## TASK ITEM
Give back exactly the lines of the material below that start at the one holding "Das Spiegelbild der" and end at the last line, minus the pictures.

## PROVIDED MATERIAL
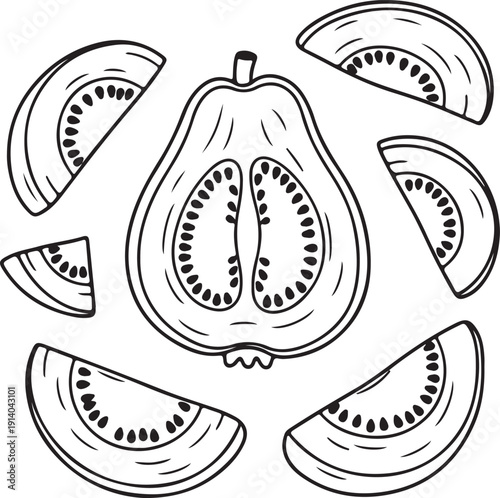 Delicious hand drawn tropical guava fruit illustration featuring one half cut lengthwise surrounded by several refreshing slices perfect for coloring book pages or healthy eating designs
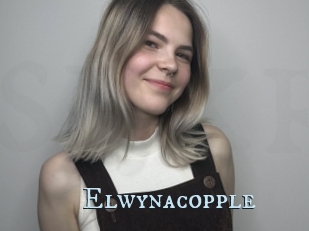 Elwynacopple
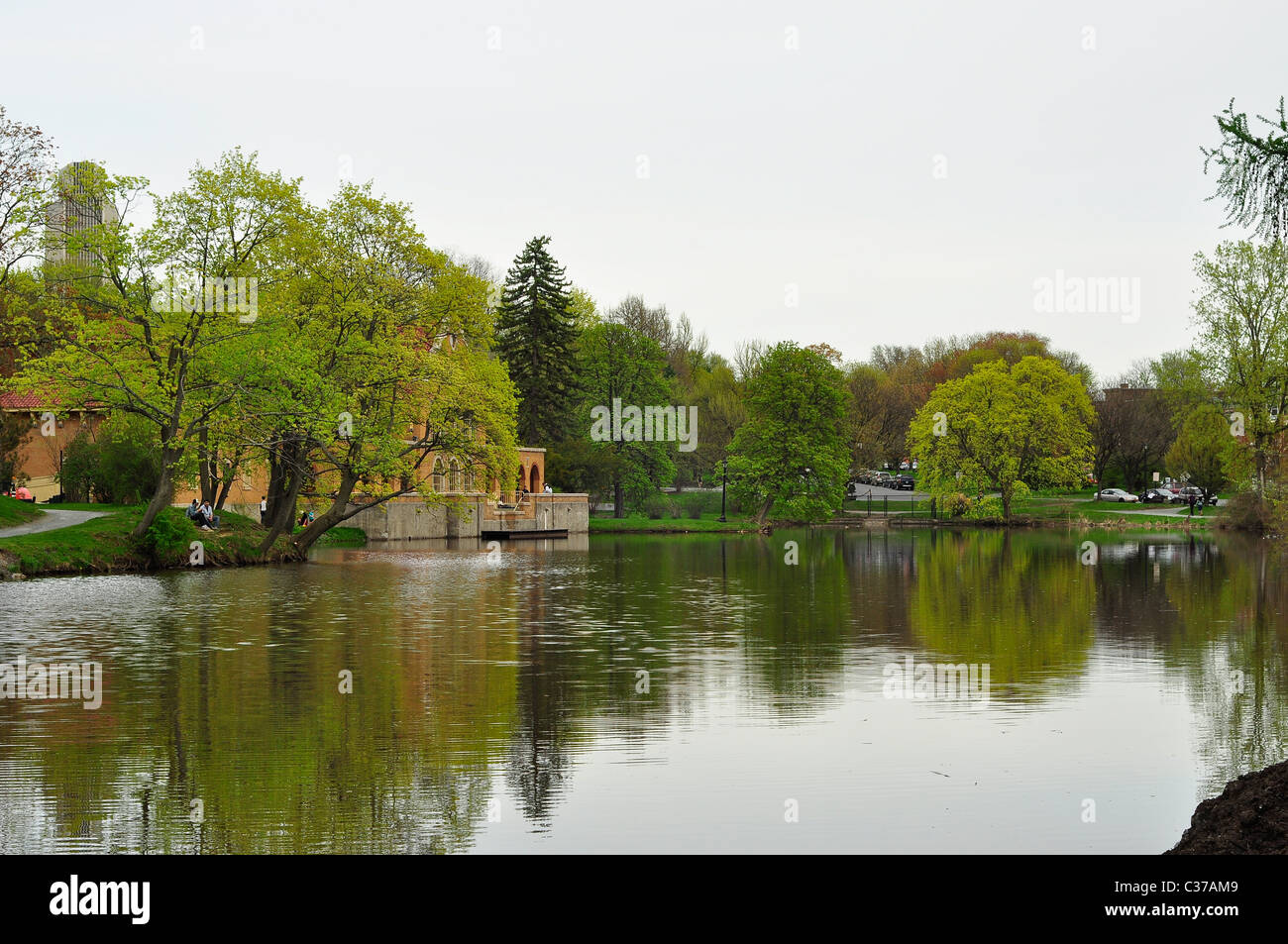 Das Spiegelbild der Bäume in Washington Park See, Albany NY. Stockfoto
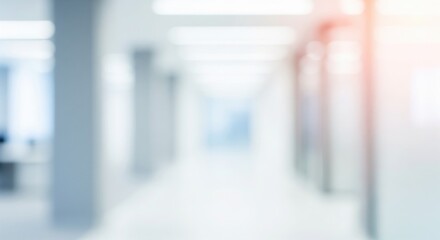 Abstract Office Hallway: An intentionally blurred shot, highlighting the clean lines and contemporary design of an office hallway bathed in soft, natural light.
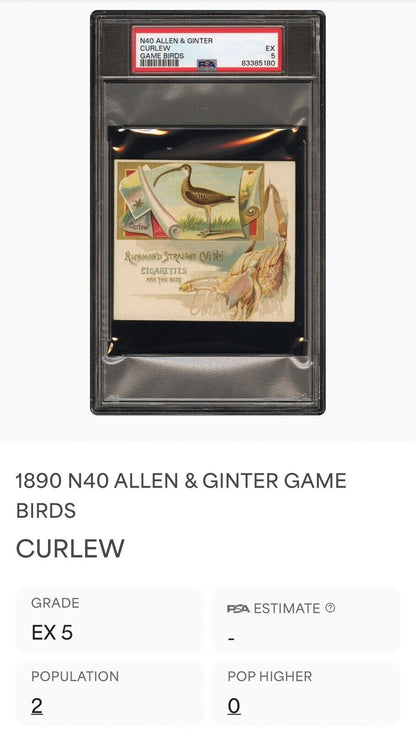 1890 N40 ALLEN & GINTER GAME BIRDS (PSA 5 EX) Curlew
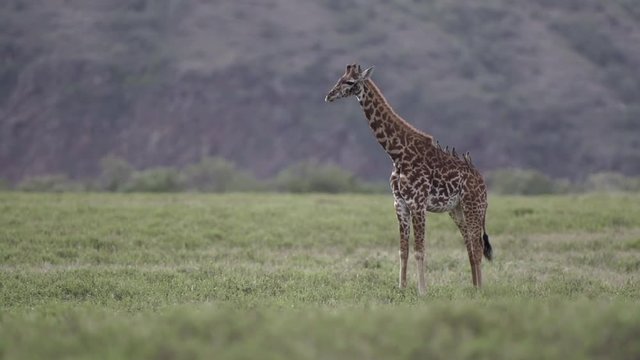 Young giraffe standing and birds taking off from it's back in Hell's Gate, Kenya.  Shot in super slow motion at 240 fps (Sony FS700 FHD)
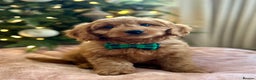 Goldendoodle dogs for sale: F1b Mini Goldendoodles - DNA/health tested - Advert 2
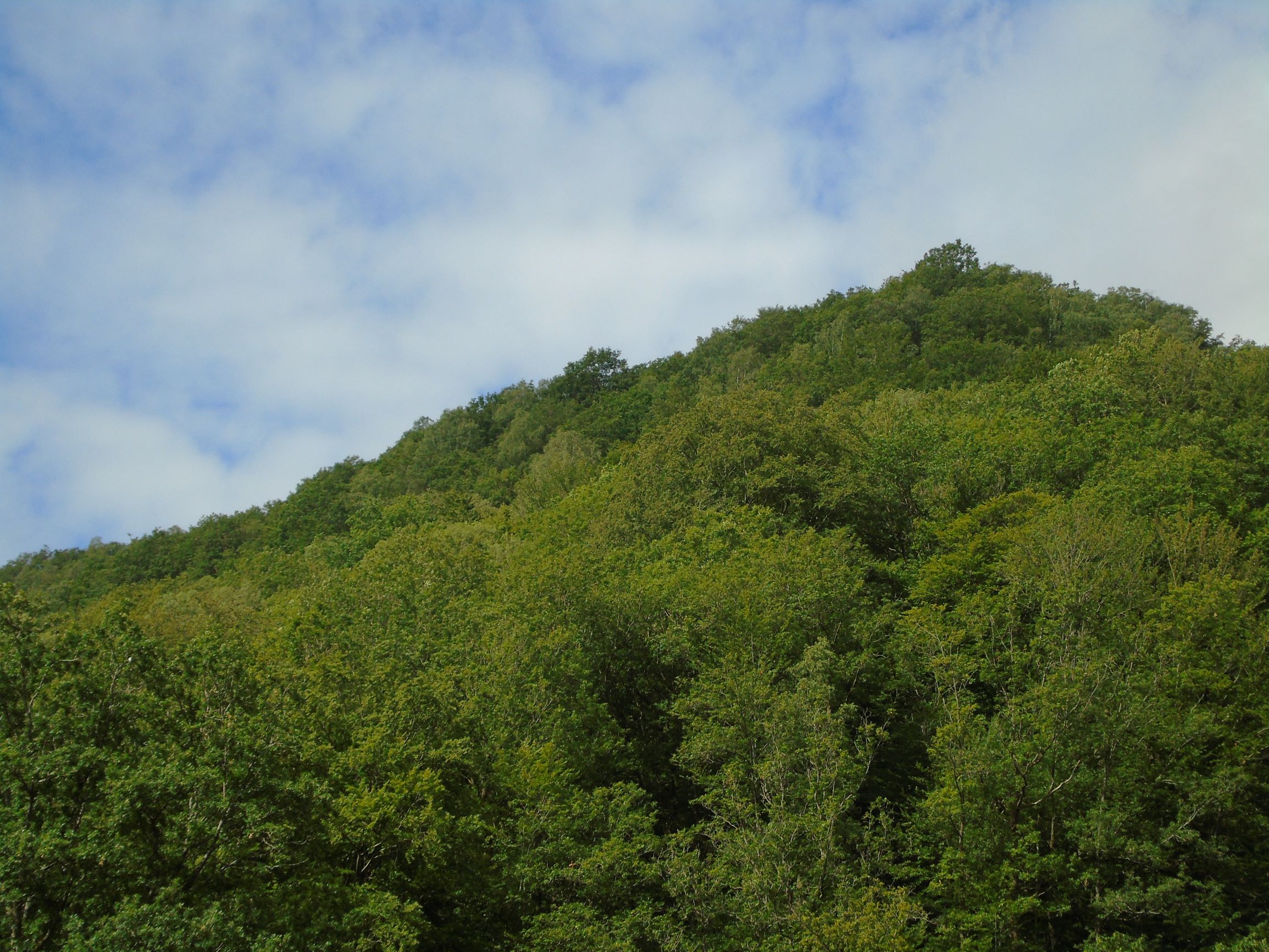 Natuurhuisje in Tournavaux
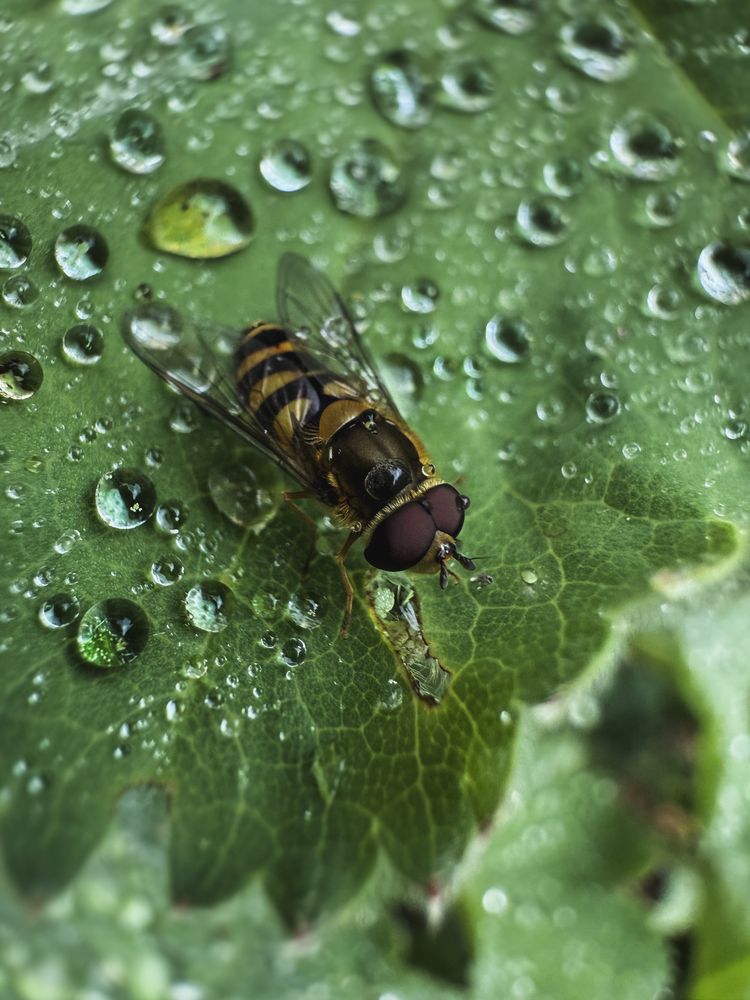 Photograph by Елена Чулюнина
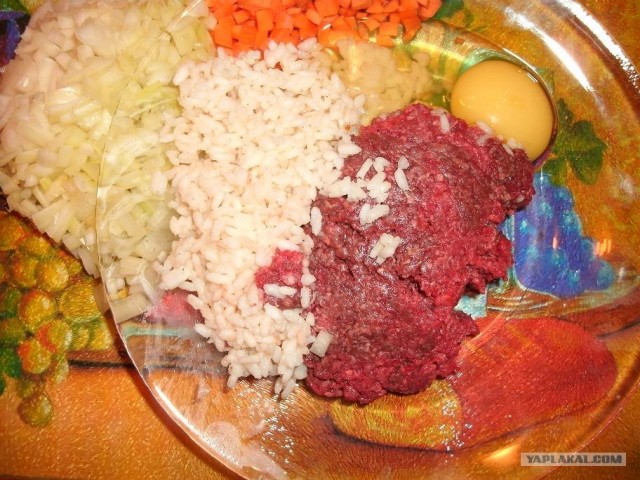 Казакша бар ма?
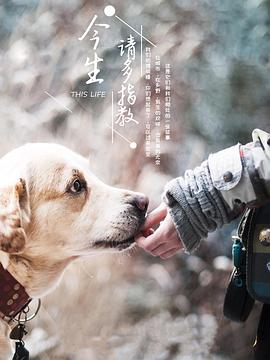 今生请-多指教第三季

## RESULT OF THE EXERCISE
 Das Spiegelbild der Bäume in Washington Park See, Albany NY. Stockfoto
 Abstract Office Hallway: An intentionally blurred shot, highlighting the clean lines and contemporary design of an office hallway bathed in soft, natural light.
 1890 N40 ALLEN & GINTER GAME BIRDS (PSA 5 EX) Curlew
 Young giraffe standing and birds taking off from it's back in Hell's Gate, Kenya.  Shot in super slow motion at 240 fps (Sony FS700 FHD)
 Goldendoodle dogs for sale: F1b Mini Goldendoodles - DNA/health tested - Advert 2
 Natuurhuisje in Tournavaux
 Photograph by Елена Чулюнина
 Казакша бар ма?
 今生请-多指教第三季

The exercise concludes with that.